True. It was every Muslim scholars (except Khawarij, some Shiite sects and Salafi) to preserve the Ummah and avoid Fitna (discord). The difficulty I see here is to create a Ummah that would take Mu'tazalites as a mainstream ideology with Greek influences (perhaps Gnostics?) that are not immediately labelled as Bidaa (innovation in religion). Can you even imagine the fierceness of a Greek Khawarij movement after the Arabs shun Greek culture or a Khawarij revolt against the nobility of the Mu'tazalites. Like I said earlier, I feel Greece could become like Iran, Muslim but opposed to the widespread use of Arabic and somewhat different in theology an application of Shariah, perhaps icons are slightly more accepted.

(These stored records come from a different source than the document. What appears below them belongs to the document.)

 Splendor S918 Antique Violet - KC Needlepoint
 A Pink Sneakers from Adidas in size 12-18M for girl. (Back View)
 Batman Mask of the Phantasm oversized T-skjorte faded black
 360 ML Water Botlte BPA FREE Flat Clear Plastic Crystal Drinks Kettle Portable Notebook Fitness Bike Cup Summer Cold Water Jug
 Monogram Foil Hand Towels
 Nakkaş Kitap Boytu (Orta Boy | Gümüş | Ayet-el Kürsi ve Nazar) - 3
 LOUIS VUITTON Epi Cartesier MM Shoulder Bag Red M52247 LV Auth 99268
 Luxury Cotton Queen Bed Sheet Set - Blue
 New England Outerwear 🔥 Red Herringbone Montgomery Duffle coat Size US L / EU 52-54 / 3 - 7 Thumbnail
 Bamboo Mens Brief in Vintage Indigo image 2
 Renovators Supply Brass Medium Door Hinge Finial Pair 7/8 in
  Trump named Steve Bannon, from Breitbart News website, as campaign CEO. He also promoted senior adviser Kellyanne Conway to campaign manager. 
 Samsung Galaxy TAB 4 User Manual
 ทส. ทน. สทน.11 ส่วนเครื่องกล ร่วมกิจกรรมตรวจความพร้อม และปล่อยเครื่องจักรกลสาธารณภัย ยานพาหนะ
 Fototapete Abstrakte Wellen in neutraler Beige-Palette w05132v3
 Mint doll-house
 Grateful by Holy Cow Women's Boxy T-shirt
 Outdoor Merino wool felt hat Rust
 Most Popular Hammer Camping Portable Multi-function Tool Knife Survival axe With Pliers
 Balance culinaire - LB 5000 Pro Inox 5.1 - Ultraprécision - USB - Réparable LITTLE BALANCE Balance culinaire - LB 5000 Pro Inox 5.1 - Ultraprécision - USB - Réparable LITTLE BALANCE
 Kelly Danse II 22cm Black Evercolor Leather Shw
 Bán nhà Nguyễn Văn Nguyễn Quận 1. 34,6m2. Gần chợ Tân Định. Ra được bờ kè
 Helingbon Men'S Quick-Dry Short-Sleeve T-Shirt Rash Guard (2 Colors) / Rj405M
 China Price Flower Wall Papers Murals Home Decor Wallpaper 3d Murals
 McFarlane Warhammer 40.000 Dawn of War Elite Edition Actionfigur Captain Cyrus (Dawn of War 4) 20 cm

Interesting ideas. Kawarij ideals IOTL seem to work better in lightly urbanized milieus, so I think that the opposition in Hellenic areas is more likely to embrace an analog to Zaydi Shi'a, but I think you are spot on.
Answering the Syriac connection, I was not saying built off of as in the language itself but it is obvious that Kufic and Naskh were built from the Syriac script as used in Iraq abd Edessa from 200 BC till the 500s AD.
Actually the overwhelming consensus nowadays is that the Arabic script evolved from Nabatean script, not Syriac (as posited, among others, by Starcky in the sixties). Recent findings in Saudi Arabia appear to confirm this strongly, although they are not published yet. However, there is an undeniable Syriac influence in some letter shapes, particularly in Kufic. When I studied Semitic Philology some years ago, Syriac derivation was still considered a serious hypothesis by some, but the work by Gruendler and Healey in the nineties is fairly compelling about the Nabatean origin of Arabic script, and some later discoveries have tended to confirm it. (There is a Saudi scholar who suggests a South Arabian derivation. His ideas are interesting, but, as far as I can tell, pretty weakly supported by any known evidence.)